## [YOUR ASSIGNMENT]
All lines from the one containing "reconhecer que essa" down to the one containing "Esseforte processo deexclusão", both ends included, are to be given again exactly; omit the rest of the listing below.

## [SOURCE DATA]
⟨

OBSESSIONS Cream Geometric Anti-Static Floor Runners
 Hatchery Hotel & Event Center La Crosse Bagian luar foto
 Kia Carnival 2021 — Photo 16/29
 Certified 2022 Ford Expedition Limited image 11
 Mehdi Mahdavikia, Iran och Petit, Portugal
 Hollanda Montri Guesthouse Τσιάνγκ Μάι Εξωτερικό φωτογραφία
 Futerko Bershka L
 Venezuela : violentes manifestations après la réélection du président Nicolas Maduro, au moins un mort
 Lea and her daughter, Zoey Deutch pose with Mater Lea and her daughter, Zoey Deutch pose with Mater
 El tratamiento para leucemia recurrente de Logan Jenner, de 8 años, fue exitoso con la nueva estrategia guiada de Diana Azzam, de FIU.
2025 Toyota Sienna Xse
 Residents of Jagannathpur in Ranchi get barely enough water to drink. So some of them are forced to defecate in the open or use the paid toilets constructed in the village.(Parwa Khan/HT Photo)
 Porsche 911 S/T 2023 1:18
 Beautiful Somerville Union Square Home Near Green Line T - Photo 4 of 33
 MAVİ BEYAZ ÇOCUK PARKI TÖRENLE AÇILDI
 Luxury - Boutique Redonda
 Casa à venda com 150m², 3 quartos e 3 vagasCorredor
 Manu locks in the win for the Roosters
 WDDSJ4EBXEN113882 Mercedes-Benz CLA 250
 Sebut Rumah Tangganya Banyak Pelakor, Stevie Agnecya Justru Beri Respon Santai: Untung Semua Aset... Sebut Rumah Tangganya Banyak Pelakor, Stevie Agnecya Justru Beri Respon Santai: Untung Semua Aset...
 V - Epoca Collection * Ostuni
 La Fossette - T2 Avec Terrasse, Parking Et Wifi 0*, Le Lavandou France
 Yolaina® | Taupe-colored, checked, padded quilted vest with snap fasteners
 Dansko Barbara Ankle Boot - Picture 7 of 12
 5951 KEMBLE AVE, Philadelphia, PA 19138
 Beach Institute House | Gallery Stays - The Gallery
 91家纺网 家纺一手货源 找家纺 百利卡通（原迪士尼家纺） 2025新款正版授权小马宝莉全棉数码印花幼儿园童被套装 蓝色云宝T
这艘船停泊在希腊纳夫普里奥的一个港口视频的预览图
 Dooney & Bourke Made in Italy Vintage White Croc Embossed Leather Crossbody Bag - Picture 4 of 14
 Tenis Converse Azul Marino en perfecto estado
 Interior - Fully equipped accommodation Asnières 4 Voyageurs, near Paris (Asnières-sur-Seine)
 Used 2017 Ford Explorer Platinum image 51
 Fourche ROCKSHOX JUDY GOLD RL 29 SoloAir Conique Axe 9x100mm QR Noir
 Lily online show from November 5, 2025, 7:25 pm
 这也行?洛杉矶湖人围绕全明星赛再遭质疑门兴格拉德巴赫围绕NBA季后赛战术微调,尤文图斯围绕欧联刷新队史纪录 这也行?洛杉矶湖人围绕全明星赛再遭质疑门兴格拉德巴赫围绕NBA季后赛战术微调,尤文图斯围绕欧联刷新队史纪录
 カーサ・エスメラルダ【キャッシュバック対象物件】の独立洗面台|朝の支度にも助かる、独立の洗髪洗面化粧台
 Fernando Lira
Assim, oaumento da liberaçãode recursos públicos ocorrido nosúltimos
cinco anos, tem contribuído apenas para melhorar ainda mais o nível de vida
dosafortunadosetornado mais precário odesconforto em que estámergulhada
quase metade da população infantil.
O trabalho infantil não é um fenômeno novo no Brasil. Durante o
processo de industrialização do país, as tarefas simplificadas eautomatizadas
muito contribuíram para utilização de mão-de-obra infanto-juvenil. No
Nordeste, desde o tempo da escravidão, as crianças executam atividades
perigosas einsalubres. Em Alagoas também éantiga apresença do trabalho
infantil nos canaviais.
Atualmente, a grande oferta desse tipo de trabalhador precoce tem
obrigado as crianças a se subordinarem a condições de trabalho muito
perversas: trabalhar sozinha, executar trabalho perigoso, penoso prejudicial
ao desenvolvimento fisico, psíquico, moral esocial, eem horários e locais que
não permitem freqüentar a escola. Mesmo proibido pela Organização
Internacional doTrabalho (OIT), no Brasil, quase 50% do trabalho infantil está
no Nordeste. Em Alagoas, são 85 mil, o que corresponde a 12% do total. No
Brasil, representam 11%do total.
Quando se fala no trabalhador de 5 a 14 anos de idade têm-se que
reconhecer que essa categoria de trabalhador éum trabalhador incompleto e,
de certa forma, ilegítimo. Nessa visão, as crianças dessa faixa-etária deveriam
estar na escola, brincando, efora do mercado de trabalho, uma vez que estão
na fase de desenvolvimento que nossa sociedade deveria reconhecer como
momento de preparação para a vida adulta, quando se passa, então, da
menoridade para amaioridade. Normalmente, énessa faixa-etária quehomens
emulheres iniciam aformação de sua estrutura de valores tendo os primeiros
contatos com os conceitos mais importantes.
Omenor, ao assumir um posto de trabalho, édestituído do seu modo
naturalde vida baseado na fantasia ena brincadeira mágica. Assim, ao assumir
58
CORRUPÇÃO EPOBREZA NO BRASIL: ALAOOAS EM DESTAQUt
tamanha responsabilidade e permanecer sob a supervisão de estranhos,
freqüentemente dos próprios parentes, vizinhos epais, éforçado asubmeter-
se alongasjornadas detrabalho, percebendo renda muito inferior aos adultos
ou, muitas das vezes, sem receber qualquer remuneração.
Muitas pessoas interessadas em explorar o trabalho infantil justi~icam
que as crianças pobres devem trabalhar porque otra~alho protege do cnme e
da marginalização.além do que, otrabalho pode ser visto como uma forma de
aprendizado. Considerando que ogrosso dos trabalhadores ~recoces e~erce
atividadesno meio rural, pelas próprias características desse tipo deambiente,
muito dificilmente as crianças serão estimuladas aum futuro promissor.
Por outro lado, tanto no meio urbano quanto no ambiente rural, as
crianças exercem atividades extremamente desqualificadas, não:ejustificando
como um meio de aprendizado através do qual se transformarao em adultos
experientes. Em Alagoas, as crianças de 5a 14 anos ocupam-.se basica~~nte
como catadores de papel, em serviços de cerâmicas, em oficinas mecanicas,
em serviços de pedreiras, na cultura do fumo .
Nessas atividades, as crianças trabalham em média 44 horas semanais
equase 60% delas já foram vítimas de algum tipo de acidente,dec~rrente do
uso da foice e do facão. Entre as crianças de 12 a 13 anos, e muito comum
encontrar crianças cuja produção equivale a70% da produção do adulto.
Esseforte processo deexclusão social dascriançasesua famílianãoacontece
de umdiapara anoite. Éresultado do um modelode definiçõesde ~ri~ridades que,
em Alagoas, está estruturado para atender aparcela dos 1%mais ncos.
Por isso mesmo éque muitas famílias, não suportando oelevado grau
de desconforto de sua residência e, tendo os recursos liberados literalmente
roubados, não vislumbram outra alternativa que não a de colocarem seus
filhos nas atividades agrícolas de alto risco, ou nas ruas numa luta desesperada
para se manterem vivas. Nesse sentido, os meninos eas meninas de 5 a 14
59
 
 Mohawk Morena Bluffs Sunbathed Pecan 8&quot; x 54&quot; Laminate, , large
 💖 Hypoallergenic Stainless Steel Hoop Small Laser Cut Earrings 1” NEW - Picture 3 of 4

⟩

## [TASK RESULT]
reconhecer que essa categoria de trabalhador éum trabalhador incompleto e,
de certa forma, ilegítimo. Nessa visão, as crianças dessa faixa-etária deveriam
estar na escola, brincando, efora do mercado de trabalho, uma vez que estão
na fase de desenvolvimento que nossa sociedade deveria reconhecer como
momento de preparação para a vida adulta, quando se passa, então, da
menoridade para amaioridade. Normalmente, énessa faixa-etária quehomens
emulheres iniciam aformação de sua estrutura de valores tendo os primeiros
contatos com os conceitos mais importantes.
Omenor, ao assumir um posto de trabalho, édestituído do seu modo
naturalde vida baseado na fantasia ena brincadeira mágica. Assim, ao assumir
58
CORRUPÇÃO EPOBREZA NO BRASIL: ALAOOAS EM DESTAQUt
tamanha responsabilidade e permanecer sob a supervisão de estranhos,
freqüentemente dos próprios parentes, vizinhos epais, éforçado asubmeter-
se alongasjornadas detrabalho, percebendo renda muito inferior aos adultos
ou, muitas das vezes, sem receber qualquer remuneração.
Muitas pessoas interessadas em explorar o trabalho infantil justi~icam
que as crianças pobres devem trabalhar porque otra~alho protege do cnme e
da marginalização.além do que, otrabalho pode ser visto como uma forma de
aprendizado. Considerando que ogrosso dos trabalhadores ~recoces e~erce
atividadesno meio rural, pelas próprias características desse tipo deambiente,
muito dificilmente as crianças serão estimuladas aum futuro promissor.
Por outro lado, tanto no meio urbano quanto no ambiente rural, as
crianças exercem atividades extremamente desqualificadas, não:ejustificando
como um meio de aprendizado através do qual se transformarao em adultos
experientes. Em Alagoas, as crianças de 5a 14 anos ocupam-.se basica~~nte
como catadores de papel, em serviços de cerâmicas, em oficinas mecanicas,
em serviços de pedreiras, na cultura do fumo .
Nessas atividades, as crianças trabalham em média 44 horas semanais
equase 60% delas já foram vítimas de algum tipo de acidente,dec~rrente do
uso da foice e do facão. Entre as crianças de 12 a 13 anos, e muito comum
encontrar crianças cuja produção equivale a70% da produção do adulto.
Esseforte processo deexclusão social dascriançasesua famílianãoacontece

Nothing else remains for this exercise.